TASK ITEM:
Drop every image, then reproduce the data exactly as given.

RECORDED INFORMATION:
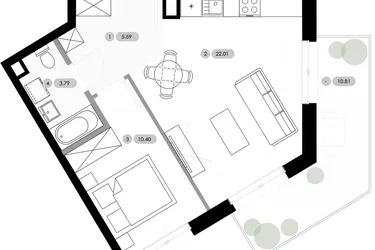 Rzut - Mieszkanie na sprzedaż 2 pokoje o powierzchni 41,79 m² - numer B.1.M4 w Nowe Radwanice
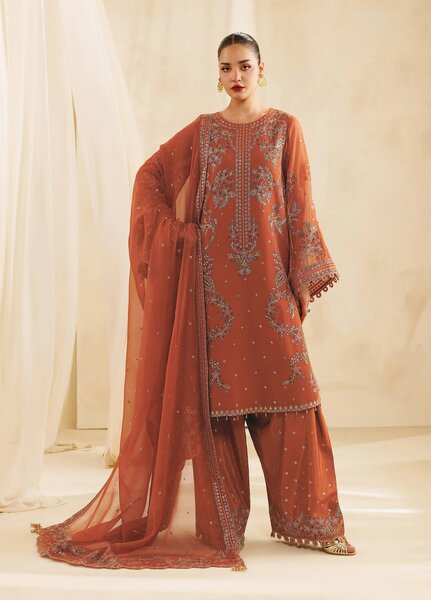 Sireine by Alizeh Fashion Unstitched Embroidered Chiffon 3 Piece Suit AF26UCS AF-CH-2298-GLIMMER - Festive Collection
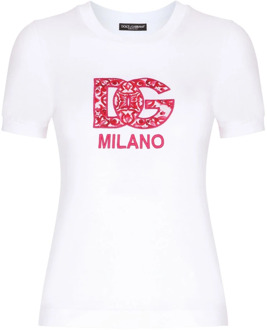 Dolce & Gabbana Witte Katoenen T-shirt met Geborduurd Logo Dolce & Gabbana , White , Dames - S,Xs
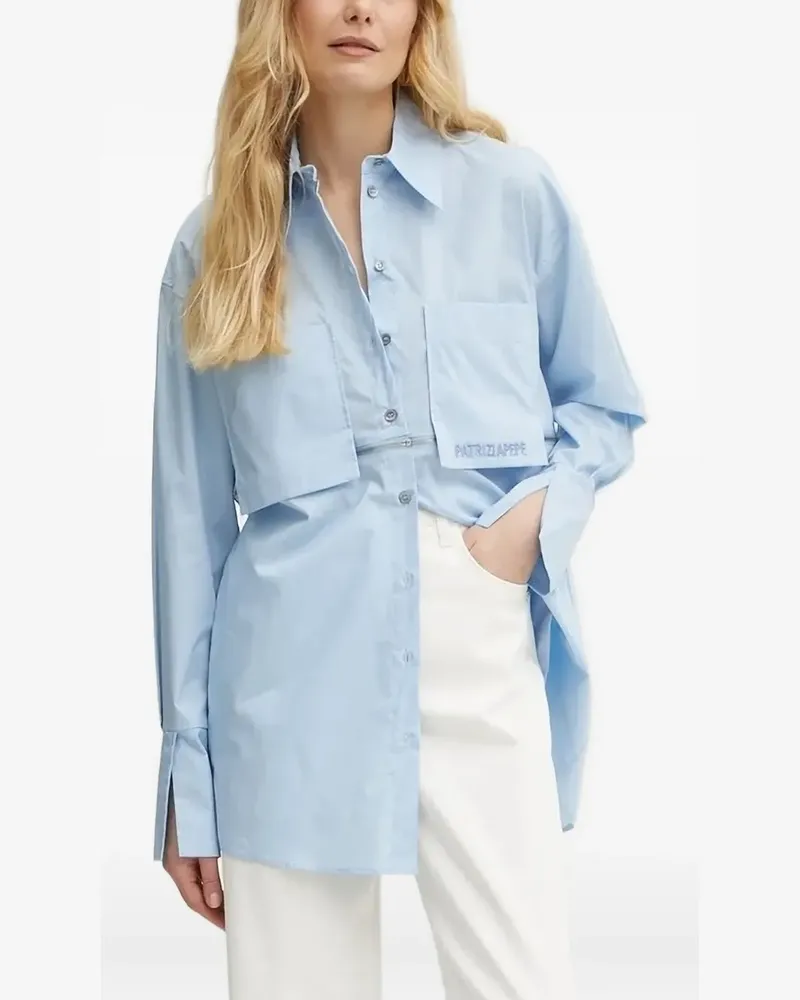 Patrizia Pepe Hemd mit Reißverschlussdetail - Blau Blau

REPLY:
 Rzut - Mieszkanie na sprzedaż 2 pokoje o powierzchni 41,79 m² - numer B.1.M4 w Nowe Radwanice
 Sireine by Alizeh Fashion Unstitched Embroidered Chiffon 3 Piece Suit AF26UCS AF-CH-2298-GLIMMER - Festive Collection
 Dolce & Gabbana Witte Katoenen T-shirt met Geborduurd Logo Dolce & Gabbana , White , Dames - S,Xs
 Patrizia Pepe Hemd mit Reißverschlussdetail - Blau Blau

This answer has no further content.